Non-Euclidean Geometry

In mathematics, non-Euclidean geometry is a small set of geometries based on axioms closely related to those specifying Euclidean geometry. As Euclidean geometry lies at the intersection of metric geometry and affine geometry, non-Euclidean geometry arises when either the metric requirement is relaxed, or the parallel postulate is set aside. In the latter case one obtains hyperbolic geometry and elliptic geometry, the traditional non-Euclidean geometries. When the metric requirement is relaxed, then there are affine planes associated with the planar algebras which give rise to kinematic geometries that have also been called non-Euclidean geometry.

The essential difference between the metric geometries is the nature of parallel lines. Euclid's fifth postulate, the parallel postulate, is equivalent to Playfair's postulate, which states that, within a two-dimensional plane, for any given line ℓ and a point A, which is not on ℓ, there is exactly one line through A that does not intersect ℓ. In hyperbolic geometry, by contrast, there are infinitely many lines through A not intersecting ℓ, while in elliptic geometry, any line through A intersects ℓ (see the entries on hyperbolic geometry, elliptic geometry, and absolute geometry for more information).
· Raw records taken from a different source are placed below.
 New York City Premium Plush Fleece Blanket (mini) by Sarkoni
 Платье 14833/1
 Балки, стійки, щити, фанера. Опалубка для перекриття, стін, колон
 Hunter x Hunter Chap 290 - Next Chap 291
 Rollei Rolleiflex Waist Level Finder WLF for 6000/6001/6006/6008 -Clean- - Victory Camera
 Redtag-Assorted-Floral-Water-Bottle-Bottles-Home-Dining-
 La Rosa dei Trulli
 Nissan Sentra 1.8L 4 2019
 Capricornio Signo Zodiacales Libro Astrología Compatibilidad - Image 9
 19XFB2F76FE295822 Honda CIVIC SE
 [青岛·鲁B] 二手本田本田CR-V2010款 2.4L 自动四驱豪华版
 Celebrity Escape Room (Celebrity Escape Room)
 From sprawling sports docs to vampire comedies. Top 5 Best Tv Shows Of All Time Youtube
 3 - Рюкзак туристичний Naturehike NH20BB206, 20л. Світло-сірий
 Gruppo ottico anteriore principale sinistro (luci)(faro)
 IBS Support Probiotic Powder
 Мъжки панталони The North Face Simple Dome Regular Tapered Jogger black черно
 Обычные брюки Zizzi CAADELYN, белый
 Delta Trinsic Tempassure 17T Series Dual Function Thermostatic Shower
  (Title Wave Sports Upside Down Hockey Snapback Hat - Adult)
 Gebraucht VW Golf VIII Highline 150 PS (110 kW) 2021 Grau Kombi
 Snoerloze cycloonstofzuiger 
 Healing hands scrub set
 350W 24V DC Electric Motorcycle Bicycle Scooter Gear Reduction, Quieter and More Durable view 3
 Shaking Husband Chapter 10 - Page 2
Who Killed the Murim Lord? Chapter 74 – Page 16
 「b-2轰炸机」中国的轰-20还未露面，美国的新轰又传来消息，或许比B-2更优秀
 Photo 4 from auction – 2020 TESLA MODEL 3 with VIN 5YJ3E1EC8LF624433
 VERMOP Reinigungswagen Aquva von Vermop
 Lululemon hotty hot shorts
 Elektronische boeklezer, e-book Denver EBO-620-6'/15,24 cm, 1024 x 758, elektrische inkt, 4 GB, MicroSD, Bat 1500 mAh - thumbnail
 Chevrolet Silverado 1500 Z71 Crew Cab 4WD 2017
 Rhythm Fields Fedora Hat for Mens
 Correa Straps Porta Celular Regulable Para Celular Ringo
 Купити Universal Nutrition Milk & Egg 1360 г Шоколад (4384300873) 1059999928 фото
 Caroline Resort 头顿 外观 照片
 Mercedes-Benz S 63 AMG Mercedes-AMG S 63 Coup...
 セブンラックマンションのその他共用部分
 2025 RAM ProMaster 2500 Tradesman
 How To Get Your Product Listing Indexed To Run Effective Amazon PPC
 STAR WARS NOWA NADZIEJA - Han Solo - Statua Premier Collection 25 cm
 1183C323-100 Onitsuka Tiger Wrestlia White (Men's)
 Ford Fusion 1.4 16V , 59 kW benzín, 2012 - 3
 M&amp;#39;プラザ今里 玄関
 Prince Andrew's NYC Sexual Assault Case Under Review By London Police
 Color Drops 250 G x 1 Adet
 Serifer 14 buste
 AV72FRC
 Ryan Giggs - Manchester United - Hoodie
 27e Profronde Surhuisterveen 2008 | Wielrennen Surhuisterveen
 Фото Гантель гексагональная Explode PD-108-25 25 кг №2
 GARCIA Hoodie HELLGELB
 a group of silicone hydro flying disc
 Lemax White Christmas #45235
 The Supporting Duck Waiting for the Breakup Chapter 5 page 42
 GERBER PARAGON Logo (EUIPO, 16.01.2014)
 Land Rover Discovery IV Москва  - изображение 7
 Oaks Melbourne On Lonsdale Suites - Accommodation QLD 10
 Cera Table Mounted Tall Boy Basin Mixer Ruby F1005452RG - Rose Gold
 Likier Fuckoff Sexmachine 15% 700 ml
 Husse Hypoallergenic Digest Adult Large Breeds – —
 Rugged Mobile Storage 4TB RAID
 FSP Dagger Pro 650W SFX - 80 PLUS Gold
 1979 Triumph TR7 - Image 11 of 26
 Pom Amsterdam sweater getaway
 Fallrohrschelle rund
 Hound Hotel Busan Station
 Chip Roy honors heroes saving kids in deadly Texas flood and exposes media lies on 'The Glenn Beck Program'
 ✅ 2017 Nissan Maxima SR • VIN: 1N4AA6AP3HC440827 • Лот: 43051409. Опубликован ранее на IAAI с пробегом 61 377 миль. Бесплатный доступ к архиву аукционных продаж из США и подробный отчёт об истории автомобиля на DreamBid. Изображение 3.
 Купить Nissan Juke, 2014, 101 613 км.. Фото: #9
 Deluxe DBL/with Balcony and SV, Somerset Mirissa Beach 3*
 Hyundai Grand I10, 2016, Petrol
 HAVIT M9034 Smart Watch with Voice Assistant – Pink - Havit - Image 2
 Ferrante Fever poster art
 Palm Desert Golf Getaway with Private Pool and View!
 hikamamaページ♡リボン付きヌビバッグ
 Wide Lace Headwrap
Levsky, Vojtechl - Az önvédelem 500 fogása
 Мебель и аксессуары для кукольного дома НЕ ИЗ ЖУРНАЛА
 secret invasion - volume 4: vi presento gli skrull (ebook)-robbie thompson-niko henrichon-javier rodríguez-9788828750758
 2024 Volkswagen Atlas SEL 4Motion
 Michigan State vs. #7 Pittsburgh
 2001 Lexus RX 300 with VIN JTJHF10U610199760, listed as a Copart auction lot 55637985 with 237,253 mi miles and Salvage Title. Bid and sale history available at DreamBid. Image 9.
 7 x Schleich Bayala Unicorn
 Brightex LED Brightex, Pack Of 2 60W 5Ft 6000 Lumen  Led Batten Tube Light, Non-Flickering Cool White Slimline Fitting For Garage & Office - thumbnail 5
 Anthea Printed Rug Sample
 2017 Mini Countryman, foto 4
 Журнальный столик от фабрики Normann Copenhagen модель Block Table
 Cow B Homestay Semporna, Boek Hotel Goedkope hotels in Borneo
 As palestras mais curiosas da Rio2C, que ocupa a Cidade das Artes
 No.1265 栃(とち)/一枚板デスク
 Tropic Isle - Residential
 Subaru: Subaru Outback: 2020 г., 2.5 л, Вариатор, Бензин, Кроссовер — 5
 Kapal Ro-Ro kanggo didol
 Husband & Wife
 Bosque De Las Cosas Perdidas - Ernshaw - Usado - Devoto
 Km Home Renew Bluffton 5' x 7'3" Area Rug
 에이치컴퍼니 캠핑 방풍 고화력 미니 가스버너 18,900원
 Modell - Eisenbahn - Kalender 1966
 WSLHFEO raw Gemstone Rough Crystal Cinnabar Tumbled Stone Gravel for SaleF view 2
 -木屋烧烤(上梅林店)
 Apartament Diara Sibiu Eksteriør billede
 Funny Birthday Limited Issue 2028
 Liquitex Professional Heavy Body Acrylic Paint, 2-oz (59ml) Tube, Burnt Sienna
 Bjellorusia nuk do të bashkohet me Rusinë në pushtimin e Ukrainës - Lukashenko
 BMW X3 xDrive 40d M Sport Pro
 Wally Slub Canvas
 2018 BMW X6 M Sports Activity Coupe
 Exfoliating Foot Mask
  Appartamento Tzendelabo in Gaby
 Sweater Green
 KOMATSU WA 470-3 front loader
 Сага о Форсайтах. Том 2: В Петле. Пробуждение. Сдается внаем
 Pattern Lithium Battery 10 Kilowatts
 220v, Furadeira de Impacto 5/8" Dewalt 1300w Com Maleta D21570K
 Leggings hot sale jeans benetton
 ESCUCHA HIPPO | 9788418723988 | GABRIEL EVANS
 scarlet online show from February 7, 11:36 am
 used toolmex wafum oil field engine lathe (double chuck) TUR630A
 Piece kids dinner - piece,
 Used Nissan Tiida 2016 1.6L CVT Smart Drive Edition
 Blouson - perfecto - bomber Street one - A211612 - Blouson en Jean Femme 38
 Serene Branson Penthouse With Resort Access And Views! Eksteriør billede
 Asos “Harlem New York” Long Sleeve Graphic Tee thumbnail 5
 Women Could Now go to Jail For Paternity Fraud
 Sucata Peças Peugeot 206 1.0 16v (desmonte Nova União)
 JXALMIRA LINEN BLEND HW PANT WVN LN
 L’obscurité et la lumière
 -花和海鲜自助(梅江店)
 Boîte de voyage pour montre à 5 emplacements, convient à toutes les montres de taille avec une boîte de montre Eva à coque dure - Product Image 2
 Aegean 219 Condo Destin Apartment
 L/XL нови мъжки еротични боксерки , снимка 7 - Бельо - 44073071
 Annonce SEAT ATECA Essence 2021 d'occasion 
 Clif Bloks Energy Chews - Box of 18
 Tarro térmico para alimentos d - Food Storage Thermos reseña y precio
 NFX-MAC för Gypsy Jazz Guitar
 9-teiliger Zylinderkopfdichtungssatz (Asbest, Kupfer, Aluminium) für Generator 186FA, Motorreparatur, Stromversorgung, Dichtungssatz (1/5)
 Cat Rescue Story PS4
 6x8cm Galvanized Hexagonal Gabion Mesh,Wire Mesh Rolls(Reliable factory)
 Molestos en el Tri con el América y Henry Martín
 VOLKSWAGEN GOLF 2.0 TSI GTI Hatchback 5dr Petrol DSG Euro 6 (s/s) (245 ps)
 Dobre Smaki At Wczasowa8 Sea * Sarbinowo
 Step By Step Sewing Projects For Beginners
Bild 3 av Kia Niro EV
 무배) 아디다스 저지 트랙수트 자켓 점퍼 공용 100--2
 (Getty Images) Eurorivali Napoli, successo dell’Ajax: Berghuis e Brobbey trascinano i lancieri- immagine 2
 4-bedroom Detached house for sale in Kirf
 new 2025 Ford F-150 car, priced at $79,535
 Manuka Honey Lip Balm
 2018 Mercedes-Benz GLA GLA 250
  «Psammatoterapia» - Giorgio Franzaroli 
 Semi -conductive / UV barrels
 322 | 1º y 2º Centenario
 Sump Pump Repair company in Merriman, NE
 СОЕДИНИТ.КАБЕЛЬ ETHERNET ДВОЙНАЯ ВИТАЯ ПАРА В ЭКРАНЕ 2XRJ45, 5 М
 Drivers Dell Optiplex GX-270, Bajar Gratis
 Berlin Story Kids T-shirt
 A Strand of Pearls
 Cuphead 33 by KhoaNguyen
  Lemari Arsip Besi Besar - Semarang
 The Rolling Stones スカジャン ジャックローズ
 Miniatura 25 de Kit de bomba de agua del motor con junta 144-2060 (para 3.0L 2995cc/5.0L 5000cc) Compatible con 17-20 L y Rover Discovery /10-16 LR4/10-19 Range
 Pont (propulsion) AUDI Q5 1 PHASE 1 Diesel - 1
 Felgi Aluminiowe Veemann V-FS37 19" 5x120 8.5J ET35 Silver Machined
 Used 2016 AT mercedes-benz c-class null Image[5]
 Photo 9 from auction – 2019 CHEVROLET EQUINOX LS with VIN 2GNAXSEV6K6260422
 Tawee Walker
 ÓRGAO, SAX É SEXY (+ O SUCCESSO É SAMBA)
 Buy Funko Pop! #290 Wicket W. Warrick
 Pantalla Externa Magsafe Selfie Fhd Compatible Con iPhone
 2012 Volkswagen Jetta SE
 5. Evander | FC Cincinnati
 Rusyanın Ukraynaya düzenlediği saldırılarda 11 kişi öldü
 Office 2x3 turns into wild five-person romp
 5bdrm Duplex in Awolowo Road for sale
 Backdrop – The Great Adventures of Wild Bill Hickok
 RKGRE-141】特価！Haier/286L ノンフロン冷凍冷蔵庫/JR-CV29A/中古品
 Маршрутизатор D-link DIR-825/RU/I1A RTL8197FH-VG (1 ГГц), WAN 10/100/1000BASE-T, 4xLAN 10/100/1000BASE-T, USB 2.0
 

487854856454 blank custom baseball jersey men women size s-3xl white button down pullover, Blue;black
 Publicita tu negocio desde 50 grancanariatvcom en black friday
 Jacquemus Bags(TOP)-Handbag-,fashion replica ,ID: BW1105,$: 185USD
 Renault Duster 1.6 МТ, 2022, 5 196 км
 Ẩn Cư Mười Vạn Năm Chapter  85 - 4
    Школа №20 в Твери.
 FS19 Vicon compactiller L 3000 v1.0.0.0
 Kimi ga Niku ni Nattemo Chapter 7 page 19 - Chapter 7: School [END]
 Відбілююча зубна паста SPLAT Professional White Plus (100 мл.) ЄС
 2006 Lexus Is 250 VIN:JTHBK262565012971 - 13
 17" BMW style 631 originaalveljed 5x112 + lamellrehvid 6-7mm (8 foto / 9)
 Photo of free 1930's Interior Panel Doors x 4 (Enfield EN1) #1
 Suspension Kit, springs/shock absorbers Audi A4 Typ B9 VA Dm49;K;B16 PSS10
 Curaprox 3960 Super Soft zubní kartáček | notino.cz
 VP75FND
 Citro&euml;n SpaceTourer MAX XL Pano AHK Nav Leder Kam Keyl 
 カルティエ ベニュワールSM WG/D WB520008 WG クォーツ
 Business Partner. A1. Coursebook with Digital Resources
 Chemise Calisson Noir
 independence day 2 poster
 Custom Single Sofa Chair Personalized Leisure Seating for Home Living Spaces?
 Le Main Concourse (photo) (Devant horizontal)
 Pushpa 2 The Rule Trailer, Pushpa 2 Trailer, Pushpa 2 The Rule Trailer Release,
Another way to describe the differences between these geometries is to consider two straight lines indefinitely extended in a two-dimensional plane that are both perpendicular to a third line:

• In Euclidean geometry the lines remain at a constant distance from each other even if extended to infinity, and are known as parallels.
• In hyperbolic geometry they "curve away" from each other, increasing in distance as one moves further from the points of intersection with the common perpendicular; these lines are often called ultraparallels.
• In elliptic geometry the lines "curve toward" each other and intersect.